## Task item
For the data that follows, print the line with "Pip Studio Tops|Top", the line with "SNAP-ON 3/8dr 6角セミディープソケットセット", and all lines between them, exactly as they stand. Omit pictures and add nothing.

## Provided entries
/---
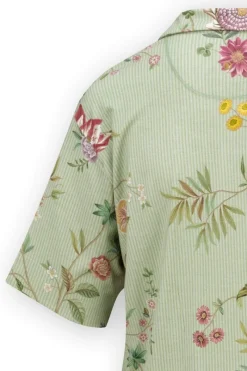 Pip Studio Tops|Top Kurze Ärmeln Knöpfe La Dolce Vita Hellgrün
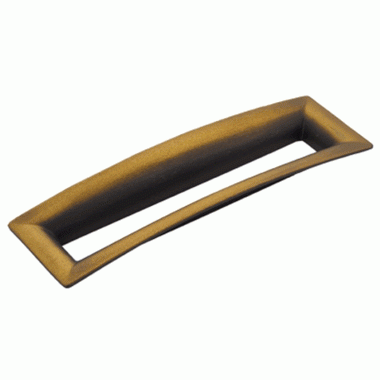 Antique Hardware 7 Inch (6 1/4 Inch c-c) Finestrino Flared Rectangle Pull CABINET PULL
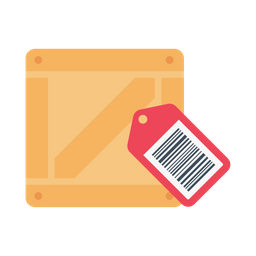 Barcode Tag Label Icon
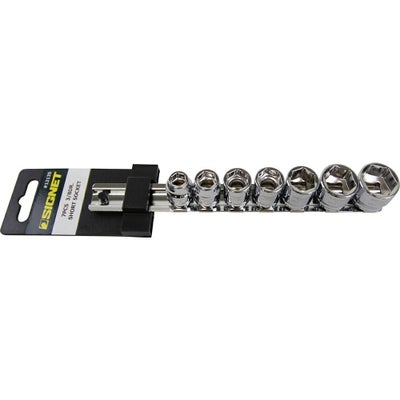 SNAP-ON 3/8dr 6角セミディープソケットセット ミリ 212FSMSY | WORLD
\---
/---
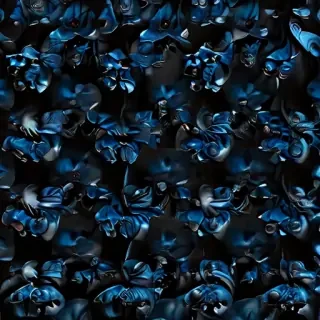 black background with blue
\---
/---
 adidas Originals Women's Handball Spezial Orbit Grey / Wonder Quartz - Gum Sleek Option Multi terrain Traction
\---
## Output for this exercise
 Pip Studio Tops|Top Kurze Ärmeln Knöpfe La Dolce Vita Hellgrün
 Antique Hardware 7 Inch (6 1/4 Inch c-c) Finestrino Flared Rectangle Pull CABINET PULL
 Barcode Tag Label Icon
 SNAP-ON 3/8dr 6角セミディープソケットセット ミリ 212FSMSY | WORLD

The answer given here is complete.